Question

An unknown material, m1 = 0.49 kg, at a temperature of T1 = 92 degrees C is added to a Dewer (an insulated container) which contains m2 = 1.1 kg of water at T2 = 21 degrees C. Water has a specific heat of cw = 4186 J/(kg⋅K).

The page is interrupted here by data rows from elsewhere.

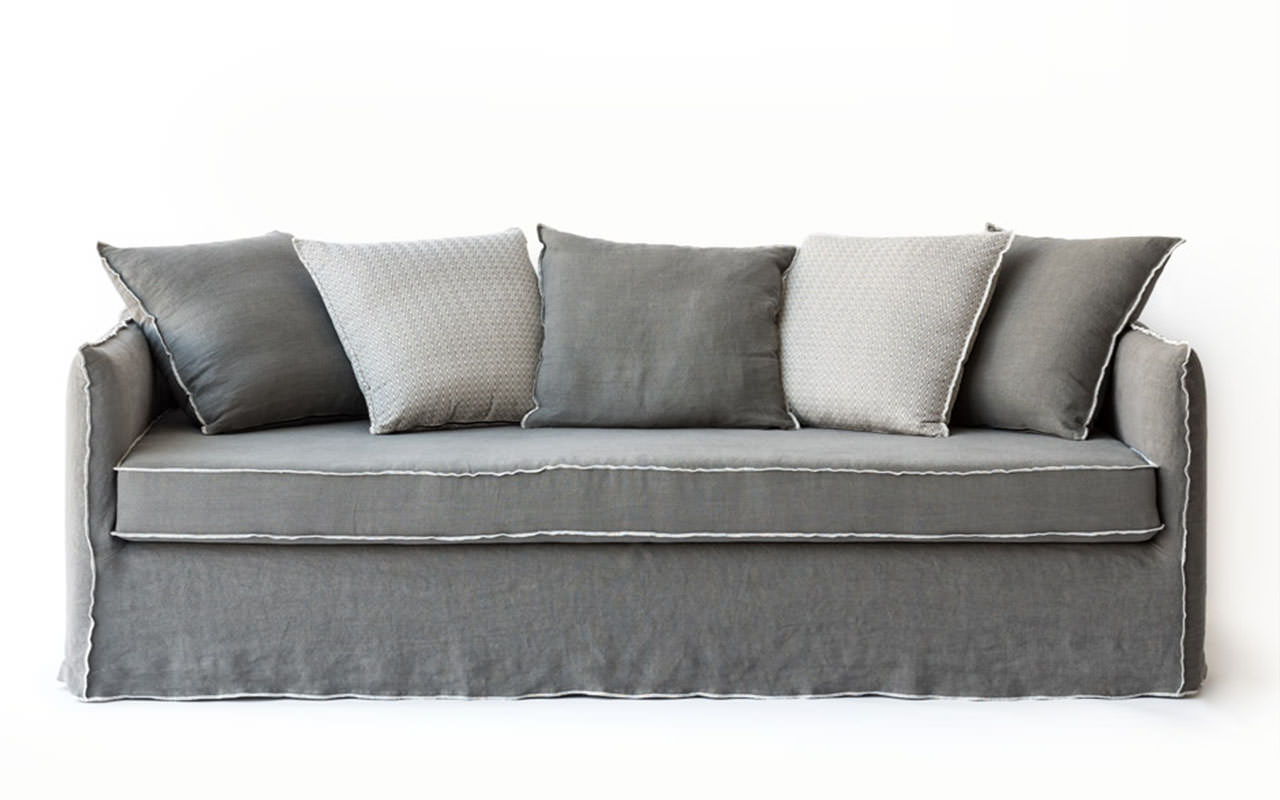 papazois.gr | HotelDeco | ISLAND-GK |  | 1272-382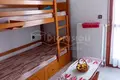 Casa 3 habitaciones 135 m² Fourka, Grecia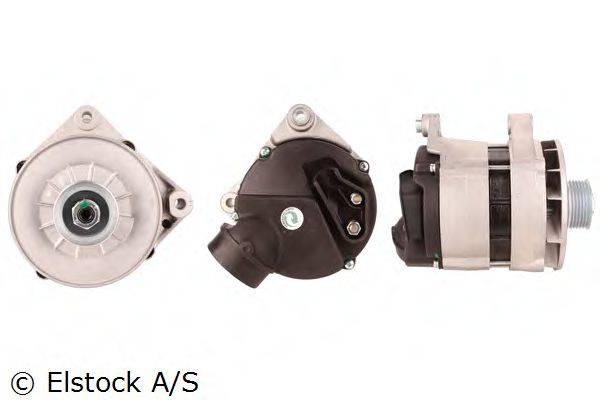 ELSTOCK 28-3624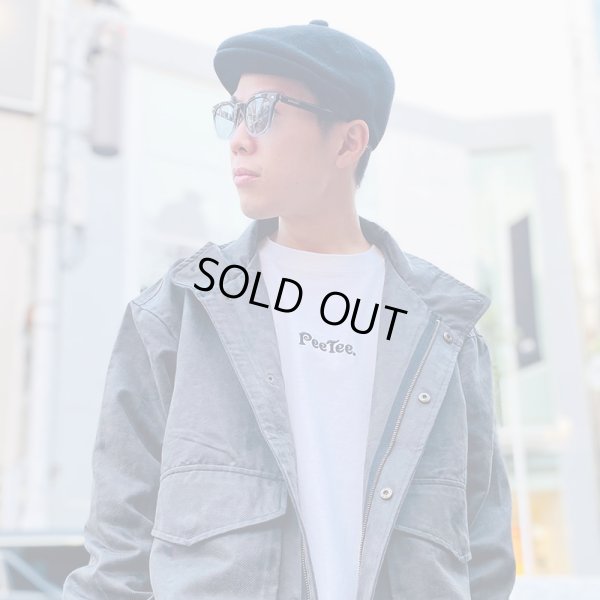 画像22: KINGSIZE（キングサイズ）“FLIP UP SUNGLASS” (22)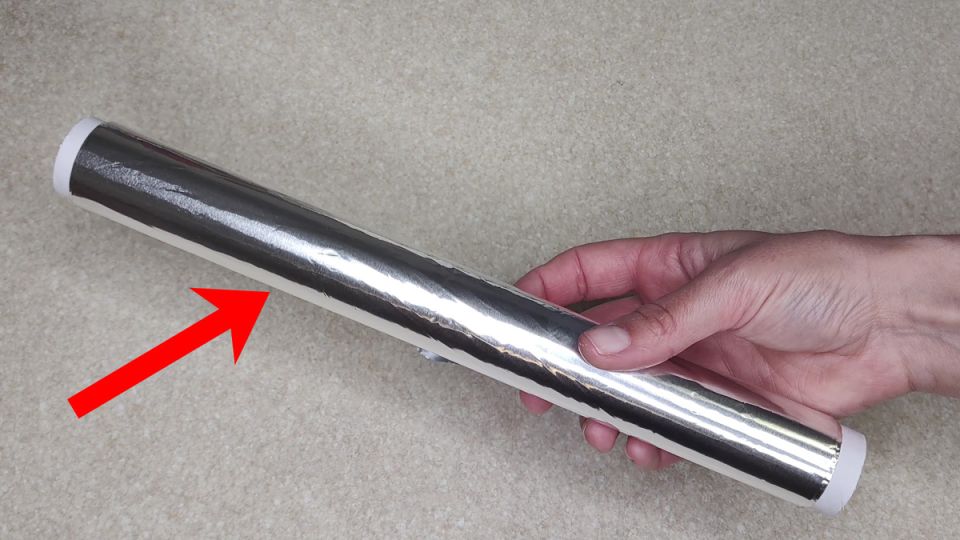 ���� ����������� �������� ������������ ����������� ������ � ����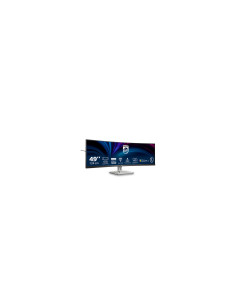 Philips 5000 series 49B2U5900C/00 pantalla para PC 124 cm (48.8") 2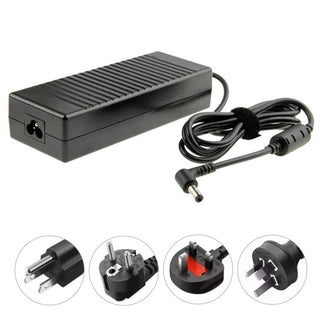 S-LA-1115_1.jpg@e7992ff607c4d42fdf3272afaad5af70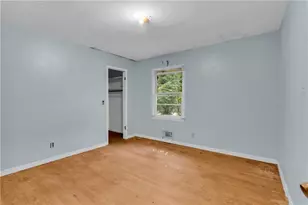 39 Harmony Grove Rd, Lilburn, GA 30047 - Photo 19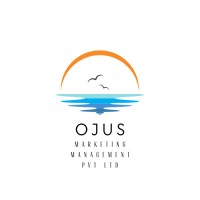 Ojus Marketing Management Private Limited logo - Similar company to Crazy Roots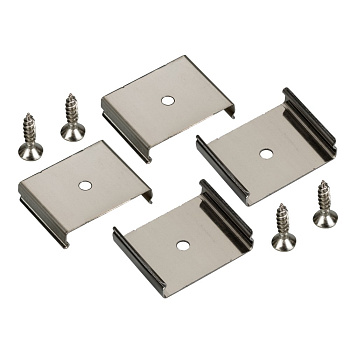 Arlight Держатель SL-LINE-3535 (Металл) 019905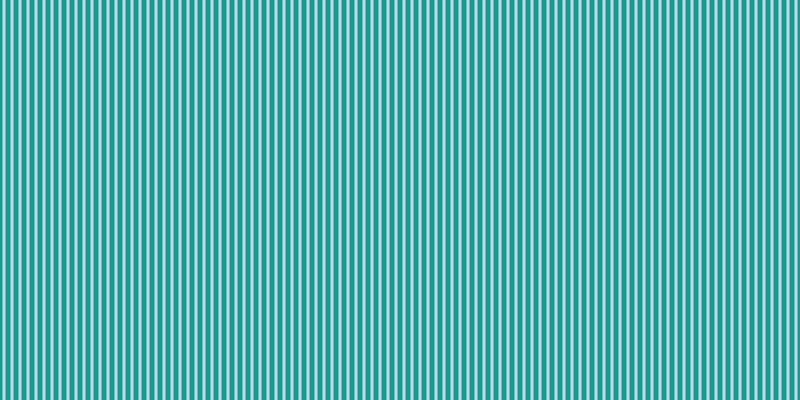 #c19cc6 (50%), #04a393 vertical lines, five pixels wide, three pixels apart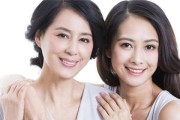 婆媳关系不好怎么处理？（老公向着婆婆怎么办？）
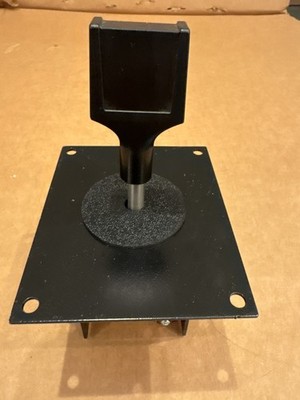 NEW Bally Midway Tapper Arcade Full Joystick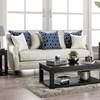 Nefyn Stationary Fabric Sofa (SM2669-SF) image 1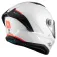 MT Helmets Casc integral Stinger 2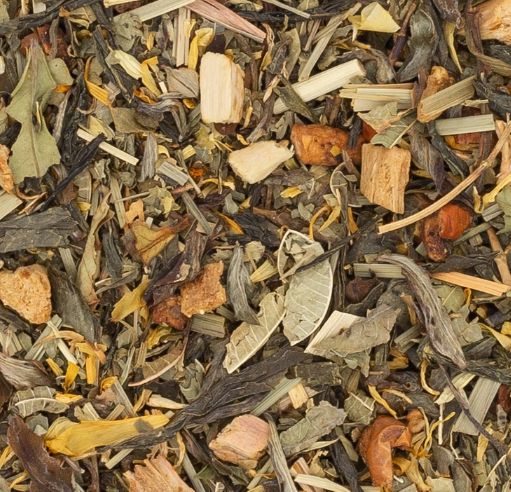 Dancing Queen, Maat: 100 g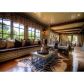 4330 River Bottom Drive, Norcross, GA 30092 ID:1494957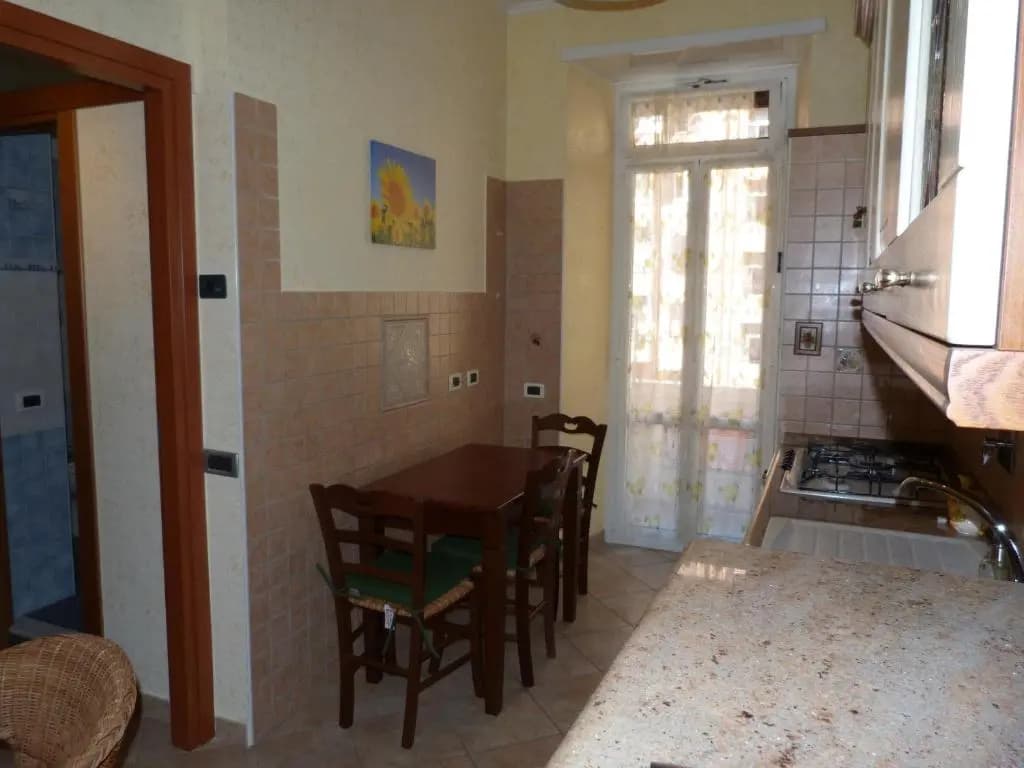 Rossanella House - photo 6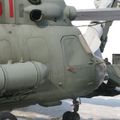 mi-2_0002.jpg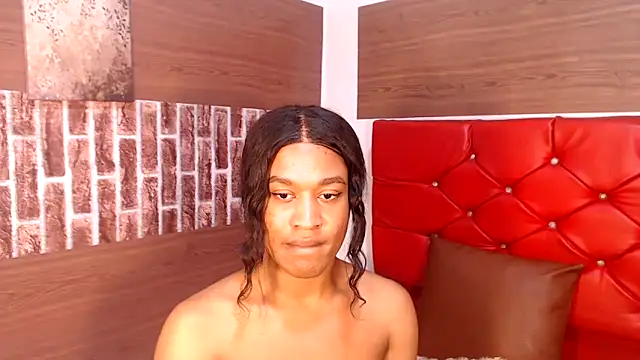 dirtydolltsx online show from 14, 4, 2026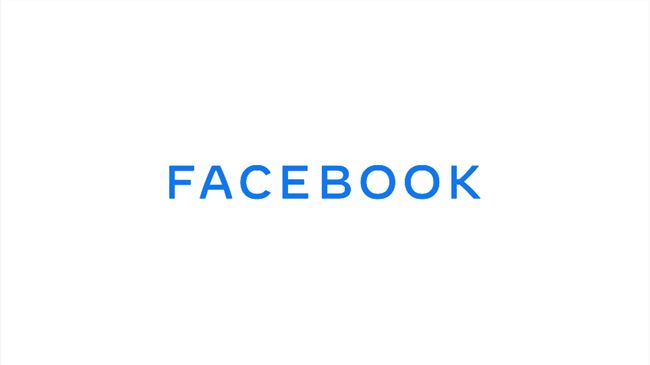 What is the significance of Facebook personal pages and groups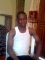 jamescoded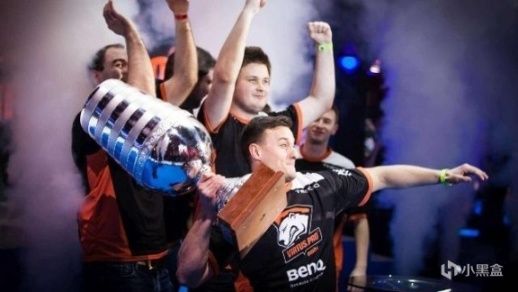 怎样站位 怎样站位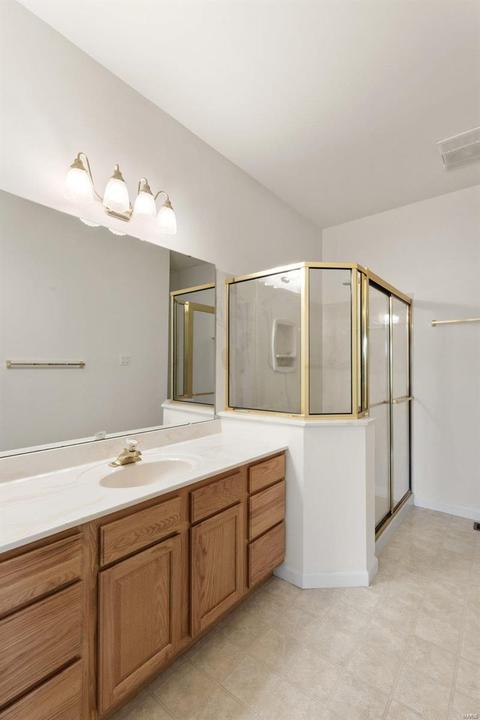 555 Boulder River Dr, O'fallon, MO 63368 photo 17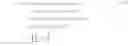 Fig. 35 - Code excited linear prediction speech decoder and method thereof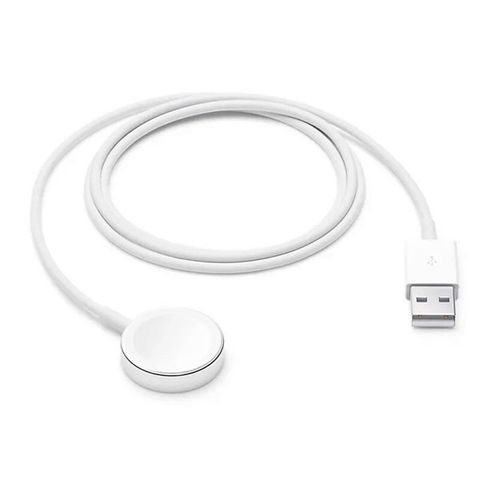  Sạc AppleWatch Wiwu M7 (USB) 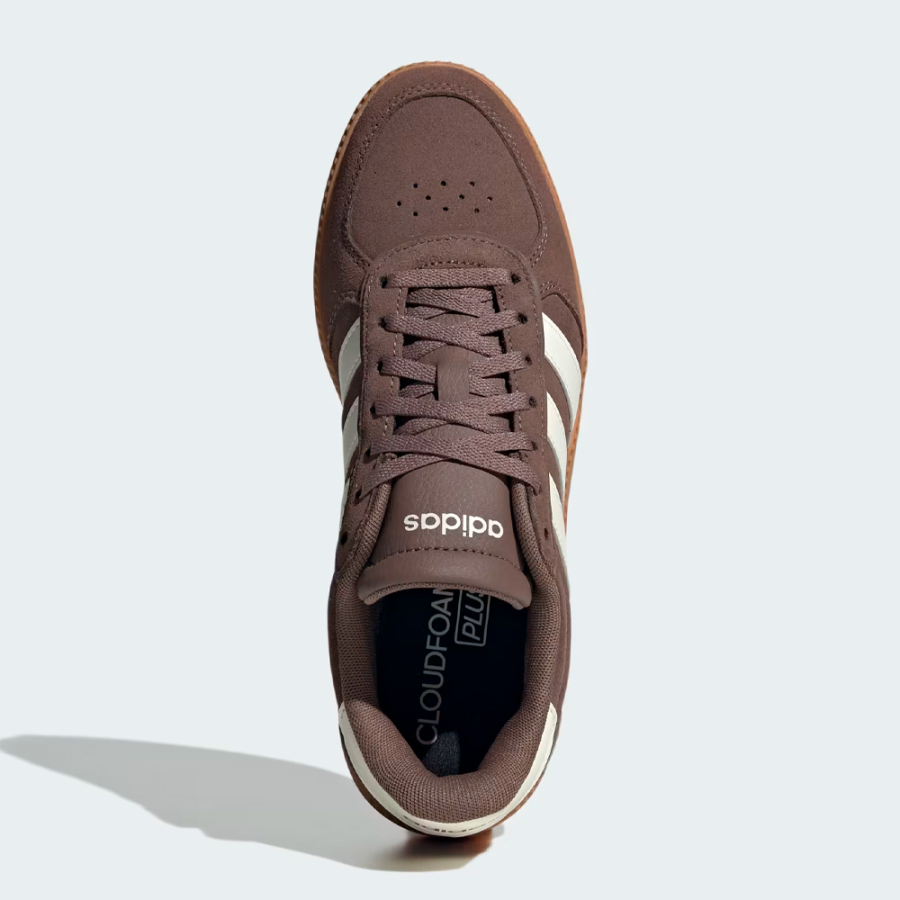 zapatilla-breaknet-sleek zapatilla-breaknet-sleek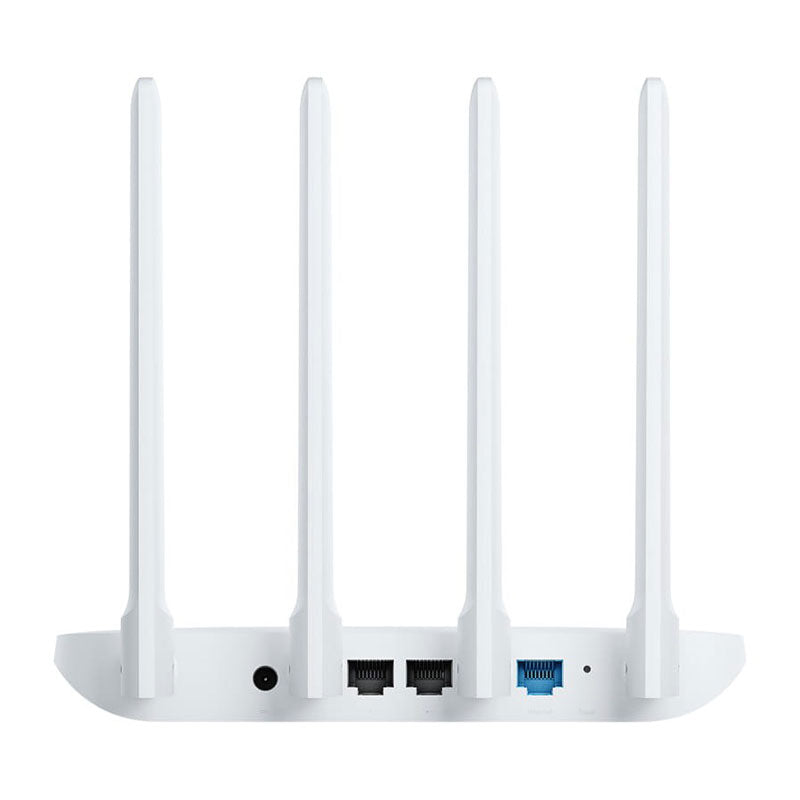 Xiaomi Mi Router 4C DVB4231GL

After the system comes to equilibrium the final temperature is T = 31 degrees C. Detemine the specific heat of unknown material.

Answer 1

Answer:

$c_u=1540.5J/kg^{\circ}K$

Explanation:

We know that heat relates to mass, specific heat and variation of temperature experimented because of this heat through the equation $Q=mc\Delta T=mc(T_f-T_i)$. The heat released by the unknown material is absorbed by water, so we have $Q_u=-Q_w$, and we can write:

$m_uc_u(T_{uf}-T_{ui})=-m_wc_w(T_{wf}-T_{wi})$

Since thermal equilibrium is reached we know that $T_{cf}=T_{wf}=T_f=31^{\circ}C=304^{\circ}K$, where we have added $273^{\circ}$ to convert the temperature from Celsius to Kelvin, as we must do. Since we want the specific heat of the unknown material, we do:

$c_u=-\frac{m_wc_w(T_f-T_{wi})}{m_u(T_f-T_{ui})}$

Which for our values is:

$c_u=-\frac{(1.1kg)(4186J/kg^{\circ}K)((304^{\circ}K)-(294^{\circ}K))}{(0.49kg)((304^{\circ}K)-(365^{\circ}K))}=1540.5J/kg^{\circ}K$